Derivatives were the mechanism by which the United States and its allies tried to defy the laws of economics and push down the price of things in short supply. It worked for a while but it is now failing. Commodity prices and in particular oil prices are rising rapidly again. There is nothing to say that shortages can't exist in the middle of a recession. In fact it is the hallmark of inflation and hyperinflation. In Zimbabwe there is a shortage of everything.

History shows that when monetary inflation starts to be evident in the prices of real goods, the first thing governments do is impose price controls. Here we have exactly that in a new way. The CFTC is trying to find a way to disadvantage those on the buy side of commodities of "finite supply." In effect the commission is trying to control prices in the guise of preventing excessive speculation.
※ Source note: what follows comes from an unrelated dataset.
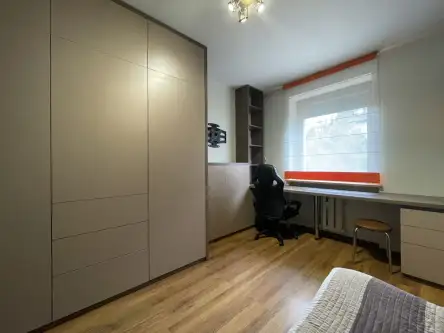 Kielce ,  Jurajska   10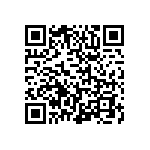 PHP00805E2911BBT1 QRCode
The very term "finite supply" means there is a supply crisis in commodities. If these commodities were in abundance, the free market would deal with speculators automatically, because as they drive the price up, the producers produce more and the price comes down and the speculators lose their shirts. What the government would likes to happen is that, as the speculators drive up prices, instead of the producers producing more, the anti-commodity cartel produces more paper promises of more production so that speculators lose their shirts. When the buyers are not speculators but buyers who want delivery, the game ends.

The implication of the CFTC's hearings is that this is the end of the game and the start of a super-bull market in commodities. The problem is not speculators. The problem is the commodity of infinite supply -- the U.S. dollar. Trillions are being created and are chasing commodities of finite supply. Economics tells us what the result will be with or without the King Canute policies of the CFTC.